Which projects are able to engage the crowd?

From observing the data, the impression I get is that the localized projects are more able to engage crowdsourced data. By “localized projects” I mean that the scope of the tool is local (a town or a city, and not the overall region affected by Sandy,) and that the promoter is also locally-rooted into an existing community. In these cases, the tool is not presented “alone”, but tends to be part of or linked to a blog or other communication channels that were already active and had an audience before #Sandy.
Promotors with high visibility or trusted authority also seem to be able to engage the crowd.
Additionally, specialized groups (such as Commons Crisis and Sparkrelief which were active previously that #Sandy arrive) seem to be good promotors of crowdsourced data projects.

In sum, there is not one formula, but several formulas that seems to work for engaging the crowd.
In contrast, projects that seems to be “alone” and without connection to previously existing communities, or without association to trusted and visible actors, seem to face difficulties in engaging participation.
In other word, the institutional designs and the connections in which the projects are promoted seem to be a very relevant factor in being able to engage the crowd. Furthermore, visibility seems to be a key resource.

Effective, easy-to-use technology with a useful scope is far from being enough to engage the crowd.

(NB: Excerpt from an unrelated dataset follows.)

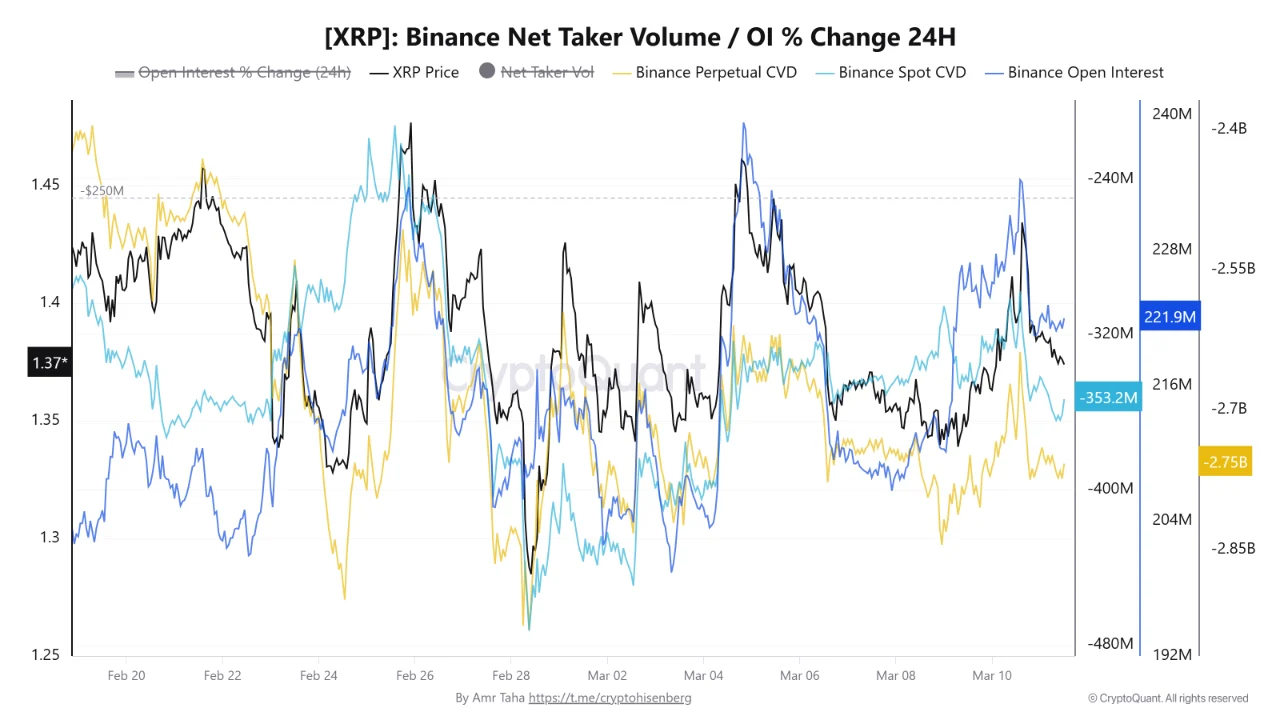 Trader XRP Mulai Mundur? Data Tunjukkan Tekanan Jual Meningkat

Other aspects that seem to be present in the projects with more data is that the starting of collaborative data collection tends to happen after a centralized starting push effort (by one person or the promoter of the tool) to add data to the common-pool.

Hopefully this preliminary analysis provides a first taste of possible research into data crowdsourcing projects in crisis context. In the coming weeks I plan to develop a more accurate analysis of the data hoping it brings more light on the conditions that favor crowd engagement.

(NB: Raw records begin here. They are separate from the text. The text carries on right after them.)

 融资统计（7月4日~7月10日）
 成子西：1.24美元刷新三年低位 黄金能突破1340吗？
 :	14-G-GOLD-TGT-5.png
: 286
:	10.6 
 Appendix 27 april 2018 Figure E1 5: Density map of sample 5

Here you may visit the list and see the projects, their characteristics, and the level of crowd engagement to arrive to your own conclusions and analysis. Ah! And please add new cases if you have identified them! This is a data crowdsourced project too!

Mayo Fuster Morell

P.D. Some thoughts from a bigger picture

P.D.1: Sandy has opened up the debate of State versus market in the Presidential election. Several political analysis has expressed how much #Sandy has push back an anti-state and pro-privatization discourse as Sandy created a context in which the action of the State is very present in helping citizens recover from the big hurricane. As a Spanish journalist put it “big hurricane, big state”. What about the commons as a third model of resource production and management? Certainly, common-based formats are growing in importance, as Yochai Benkler argued in his book, “The Wealth of Networks,” with examples such as Wikipedia and free and open source projects (FLOSS). Data crowdsourced in context of crisis is a new area in which we are seeing common-based peer production emerging. Still, with Sandy we have seen that citizens self-organizing supported by technology to solve common needs in crisis context has a great potential but is still in its initial stages. In the terms of several of the projects I collected, the efforts done by data crowsourcing projects can not be privileged than those of the governmental agencies such as FEMA.

P.D.2: We have seen how technology is channeling actions of helping each other in a context of natural crisis. However, natural crisis is not the only type of crisis that the USA (and my country, Spain,) is facing. Do these experiences tell us something in regards to citizens’ collaboration to recover from economic (and political) crisis? Is this a path of changing the world by helping each other?